Bart Van Assche Oct. 8, 2019, 5:30 p.m. UTC | #2

On 10/8/19 9:35 AM, Gabriel Krisman Bertazi wrote:
> André Almeida <andrealmeid@collabora.com> writes:
> 
>> diff --git a/include/linux/blk-mq.h b/include/linux/blk-mq.h
>> index e0fce93ac127..8b745f229789 100644
>> --- a/include/linux/blk-mq.h
>> +++ b/include/linux/blk-mq.h
>> @@ -10,74 +10,153 @@ struct blk_mq_tags;
>>   struct blk_flush_queue;
>>   
>>   /**
>> - * struct blk_mq_hw_ctx - State for a hardware queue facing the hardware block device
>> + * struct blk_mq_hw_ctx - State for a hardware queue facing the hardware
>> + * block device
>>    */
>>   struct blk_mq_hw_ctx {
>>   	struct {
>> +		/** @lock: Lock for accessing dispatch queue */
>>   		spinlock_t		lock;
>> +		/**
>> +		 * @dispatch: Queue of dispatched requests, waiting for
>> +		 * workers to send them to the hardware.
>> +		 */
> 
> It's been a few years since I looked at the block layer, but isn't
> this used to hold requests that were taken from the blk_mq_ctx,  but
> couldn't be dispatched because the queue was full?

I don't think so. I think that you are looking for the requeue_list 
member of struct request_queue.

Bart.

Bart Van Assche Oct. 8, 2019, 6:12 p.m. UTC | #3

On 10/7/19 5:14 PM, André Almeida wrote:
>   struct blk_mq_hw_ctx {
>   	struct {
> +		/** @lock: Lock for accessing dispatch queue */
>   		spinlock_t		lock;

This spinlock not only protects dispatch list accesses but also 
modifications of the dispatch list. How about changing that comment into 
"protects the dispatch list"?

> +		/**
> +		 * @dispatch: Queue of dispatched requests, waiting for
> +		 * workers to send them to the hardware.
> +		 */
>   		struct list_head	dispatch;

What is a worker? That word is not used anywhere in the block layer. How 
about changing that comment into "requests owned by this hardware queue"?

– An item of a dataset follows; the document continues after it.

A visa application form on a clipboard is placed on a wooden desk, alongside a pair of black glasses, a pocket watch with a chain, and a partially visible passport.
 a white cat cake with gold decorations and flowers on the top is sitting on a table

> -		unsigned long		state;		/* BLK_MQ_S_* flags */
> +		 /**
> +		  * @state: BLK_MQ_S_* flags. Define the state of the hw
                                               ^^^^^^
                                               Defines?
>   
> +	/**
> +	 * @run_work: Worker for dispatch scheduled requests to hardware.
> +	 * BLK_MQ_CPU_WORK_BATCH workers will be assigned to a CPU, then the
> +	 * following ones will be assigned to the next_cpu.
> +	 */
 >   	struct delayed_work	run_work;

I'd prefer if algorithm details would be left out from structure 
documentation since such documentation becomes easily outdated. How 
about using something like the following description: "used for 
scheduling a hardware queue run at a later time"?

> +	/**
> +	 * @next_cpu: Index of CPU/workqueue to be used in the next batch
> +	 * of workers.
> +	 */

The word "workers" here is confusing. How about the following 
description: "used by blk_mq_hctx_next_cpu() for round-robin CPU 
selection from @cpumask"?

> +	/**
> +	 * @next_cpu_batch: Counter of how many works letf in the batch before
                                                       ^^^^
                                                       left?
> +	 * changing to the next CPU. A batch has the size
> +	 * of BLK_MQ_CPU_WORK_BATCH.
> +	 */
>   	int			next_cpu_batch;

Again, I think this is too much detail about the actual algorithm.

>   
> -	unsigned long		flags;		/* BLK_MQ_F_* flags */
> +	/** @flags: BLK_MQ_F_* flags. Define the behaviour of the queue. */
                                       ^^^^^^
                                       Defines?
> +	unsigned long		flags;
>   
> +	/** @sched_data: Data to support schedulers. */
>   	void			*sched_data;

That's a rather vague description. How about mentioning that this 
pointer is owned by the I/O scheduler that has been attached to a 
request queue and that the I/O scheduler decides how to use this pointer?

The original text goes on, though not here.